Supplied records »

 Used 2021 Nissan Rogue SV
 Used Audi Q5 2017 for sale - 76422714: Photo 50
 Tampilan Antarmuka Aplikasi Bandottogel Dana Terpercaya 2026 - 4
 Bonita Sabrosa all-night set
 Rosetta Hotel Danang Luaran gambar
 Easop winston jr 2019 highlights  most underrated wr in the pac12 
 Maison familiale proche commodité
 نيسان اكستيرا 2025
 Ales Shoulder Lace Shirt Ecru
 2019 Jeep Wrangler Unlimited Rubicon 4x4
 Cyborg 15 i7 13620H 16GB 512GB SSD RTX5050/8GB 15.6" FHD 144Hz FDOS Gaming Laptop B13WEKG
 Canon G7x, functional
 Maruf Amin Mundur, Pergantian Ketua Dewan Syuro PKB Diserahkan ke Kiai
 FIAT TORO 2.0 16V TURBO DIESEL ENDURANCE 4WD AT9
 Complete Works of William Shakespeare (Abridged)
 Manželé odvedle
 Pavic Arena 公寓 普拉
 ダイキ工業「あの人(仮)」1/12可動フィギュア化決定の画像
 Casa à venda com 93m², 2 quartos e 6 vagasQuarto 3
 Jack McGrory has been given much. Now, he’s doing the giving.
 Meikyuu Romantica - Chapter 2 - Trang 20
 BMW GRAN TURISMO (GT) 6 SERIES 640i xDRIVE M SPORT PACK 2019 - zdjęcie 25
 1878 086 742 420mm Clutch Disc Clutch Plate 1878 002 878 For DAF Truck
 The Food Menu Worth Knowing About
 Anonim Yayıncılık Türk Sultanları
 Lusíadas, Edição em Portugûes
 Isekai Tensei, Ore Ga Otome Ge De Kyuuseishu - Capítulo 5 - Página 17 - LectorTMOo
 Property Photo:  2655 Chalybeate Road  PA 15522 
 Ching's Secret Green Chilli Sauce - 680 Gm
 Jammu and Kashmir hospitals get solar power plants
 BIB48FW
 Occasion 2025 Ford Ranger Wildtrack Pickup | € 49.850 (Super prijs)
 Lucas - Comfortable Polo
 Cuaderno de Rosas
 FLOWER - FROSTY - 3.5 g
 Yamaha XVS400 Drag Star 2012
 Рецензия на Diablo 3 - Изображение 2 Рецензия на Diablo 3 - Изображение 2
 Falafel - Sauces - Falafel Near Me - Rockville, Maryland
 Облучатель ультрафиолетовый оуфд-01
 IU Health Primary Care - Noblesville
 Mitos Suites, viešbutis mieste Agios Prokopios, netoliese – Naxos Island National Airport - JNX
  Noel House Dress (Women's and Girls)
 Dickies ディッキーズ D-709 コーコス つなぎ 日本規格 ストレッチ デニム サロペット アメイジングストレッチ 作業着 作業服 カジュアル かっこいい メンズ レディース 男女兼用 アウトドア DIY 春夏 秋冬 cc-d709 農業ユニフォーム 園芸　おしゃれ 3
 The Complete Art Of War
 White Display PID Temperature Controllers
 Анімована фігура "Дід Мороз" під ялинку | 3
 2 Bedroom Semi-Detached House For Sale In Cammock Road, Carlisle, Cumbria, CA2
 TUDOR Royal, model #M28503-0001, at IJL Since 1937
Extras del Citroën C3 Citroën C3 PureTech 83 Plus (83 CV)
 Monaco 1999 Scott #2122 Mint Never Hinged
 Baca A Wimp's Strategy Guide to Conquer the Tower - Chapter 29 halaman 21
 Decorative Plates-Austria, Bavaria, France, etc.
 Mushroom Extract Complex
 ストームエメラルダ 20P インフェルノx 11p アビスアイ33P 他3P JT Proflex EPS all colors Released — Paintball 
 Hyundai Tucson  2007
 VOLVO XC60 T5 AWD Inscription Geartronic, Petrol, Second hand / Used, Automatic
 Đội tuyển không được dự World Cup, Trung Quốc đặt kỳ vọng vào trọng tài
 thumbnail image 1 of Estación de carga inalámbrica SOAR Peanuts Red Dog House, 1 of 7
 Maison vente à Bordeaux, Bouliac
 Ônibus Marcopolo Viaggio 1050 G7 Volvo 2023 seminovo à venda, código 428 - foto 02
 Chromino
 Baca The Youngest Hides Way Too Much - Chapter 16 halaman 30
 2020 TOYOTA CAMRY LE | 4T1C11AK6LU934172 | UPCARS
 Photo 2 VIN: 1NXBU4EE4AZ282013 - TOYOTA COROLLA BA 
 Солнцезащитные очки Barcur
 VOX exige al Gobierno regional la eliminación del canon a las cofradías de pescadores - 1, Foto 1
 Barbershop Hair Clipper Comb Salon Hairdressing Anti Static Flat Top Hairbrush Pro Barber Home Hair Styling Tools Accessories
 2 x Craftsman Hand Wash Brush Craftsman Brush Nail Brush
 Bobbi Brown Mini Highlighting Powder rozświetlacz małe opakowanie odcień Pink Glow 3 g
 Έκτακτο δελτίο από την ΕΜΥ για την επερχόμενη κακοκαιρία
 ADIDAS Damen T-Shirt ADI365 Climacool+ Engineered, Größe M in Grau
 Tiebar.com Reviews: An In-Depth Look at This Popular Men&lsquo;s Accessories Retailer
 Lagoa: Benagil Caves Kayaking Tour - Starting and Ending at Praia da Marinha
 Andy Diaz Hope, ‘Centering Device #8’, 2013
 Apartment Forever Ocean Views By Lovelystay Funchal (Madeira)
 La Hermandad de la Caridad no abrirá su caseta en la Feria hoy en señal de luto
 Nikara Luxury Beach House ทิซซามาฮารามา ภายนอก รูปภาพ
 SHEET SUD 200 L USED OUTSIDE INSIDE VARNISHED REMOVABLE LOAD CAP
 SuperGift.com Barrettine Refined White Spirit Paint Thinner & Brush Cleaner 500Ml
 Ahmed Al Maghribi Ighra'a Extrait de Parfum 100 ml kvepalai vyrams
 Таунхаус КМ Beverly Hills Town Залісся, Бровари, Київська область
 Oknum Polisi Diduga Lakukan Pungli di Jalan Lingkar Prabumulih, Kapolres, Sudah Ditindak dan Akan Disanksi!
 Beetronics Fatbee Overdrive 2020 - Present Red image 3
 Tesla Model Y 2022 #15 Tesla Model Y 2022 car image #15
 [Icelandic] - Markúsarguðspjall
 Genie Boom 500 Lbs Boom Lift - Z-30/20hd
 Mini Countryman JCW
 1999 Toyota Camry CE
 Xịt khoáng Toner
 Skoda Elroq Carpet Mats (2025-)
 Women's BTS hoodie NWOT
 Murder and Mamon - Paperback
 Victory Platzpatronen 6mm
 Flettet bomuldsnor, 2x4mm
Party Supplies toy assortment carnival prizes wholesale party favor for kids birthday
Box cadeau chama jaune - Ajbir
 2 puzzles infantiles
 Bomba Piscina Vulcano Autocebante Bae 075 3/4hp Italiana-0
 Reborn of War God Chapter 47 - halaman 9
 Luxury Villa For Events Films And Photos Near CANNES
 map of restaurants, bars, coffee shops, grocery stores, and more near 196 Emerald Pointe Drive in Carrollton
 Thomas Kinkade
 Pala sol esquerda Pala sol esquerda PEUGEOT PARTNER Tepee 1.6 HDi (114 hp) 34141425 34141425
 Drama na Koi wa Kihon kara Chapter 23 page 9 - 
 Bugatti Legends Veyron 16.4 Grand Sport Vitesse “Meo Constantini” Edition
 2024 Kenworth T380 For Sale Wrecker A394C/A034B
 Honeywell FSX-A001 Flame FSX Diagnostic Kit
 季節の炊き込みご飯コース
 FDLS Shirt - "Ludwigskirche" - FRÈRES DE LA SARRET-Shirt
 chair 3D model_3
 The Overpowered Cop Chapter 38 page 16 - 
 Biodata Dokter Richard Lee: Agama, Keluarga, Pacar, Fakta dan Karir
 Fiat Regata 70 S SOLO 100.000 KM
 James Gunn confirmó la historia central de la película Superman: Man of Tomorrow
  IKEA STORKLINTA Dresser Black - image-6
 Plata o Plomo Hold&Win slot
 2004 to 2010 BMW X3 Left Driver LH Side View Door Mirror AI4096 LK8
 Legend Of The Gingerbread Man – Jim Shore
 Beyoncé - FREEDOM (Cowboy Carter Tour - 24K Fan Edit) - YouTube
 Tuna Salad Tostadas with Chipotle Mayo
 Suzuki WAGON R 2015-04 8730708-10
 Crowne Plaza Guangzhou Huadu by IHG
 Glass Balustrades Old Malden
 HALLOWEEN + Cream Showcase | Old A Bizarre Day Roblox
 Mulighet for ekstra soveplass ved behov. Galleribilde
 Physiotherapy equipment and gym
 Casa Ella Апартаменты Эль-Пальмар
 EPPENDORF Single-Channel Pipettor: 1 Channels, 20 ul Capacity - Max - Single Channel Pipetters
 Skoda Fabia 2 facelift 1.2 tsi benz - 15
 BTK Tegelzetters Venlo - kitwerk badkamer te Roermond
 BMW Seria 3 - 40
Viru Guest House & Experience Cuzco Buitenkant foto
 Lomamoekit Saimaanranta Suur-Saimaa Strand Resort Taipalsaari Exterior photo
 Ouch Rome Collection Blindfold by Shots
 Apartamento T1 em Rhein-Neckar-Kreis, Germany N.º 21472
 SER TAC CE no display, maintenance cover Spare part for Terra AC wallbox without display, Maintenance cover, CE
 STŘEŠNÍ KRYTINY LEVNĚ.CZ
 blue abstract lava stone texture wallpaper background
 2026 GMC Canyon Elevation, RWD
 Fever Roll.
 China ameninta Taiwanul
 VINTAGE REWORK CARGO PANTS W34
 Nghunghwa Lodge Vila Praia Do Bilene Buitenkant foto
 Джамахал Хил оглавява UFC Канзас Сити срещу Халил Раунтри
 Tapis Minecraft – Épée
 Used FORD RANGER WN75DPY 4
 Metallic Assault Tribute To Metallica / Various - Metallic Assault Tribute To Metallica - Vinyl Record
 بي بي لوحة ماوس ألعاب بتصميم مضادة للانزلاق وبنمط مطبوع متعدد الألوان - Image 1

Problem statement » Which lines hold the string "halaman"? Copy all of them from the data above.

Answer space »
 Baca A Wimp's Strategy Guide to Conquer the Tower - Chapter 29 halaman 21
 Baca The Youngest Hides Way Too Much - Chapter 16 halaman 30
 Reborn of War God Chapter 47 - halaman 9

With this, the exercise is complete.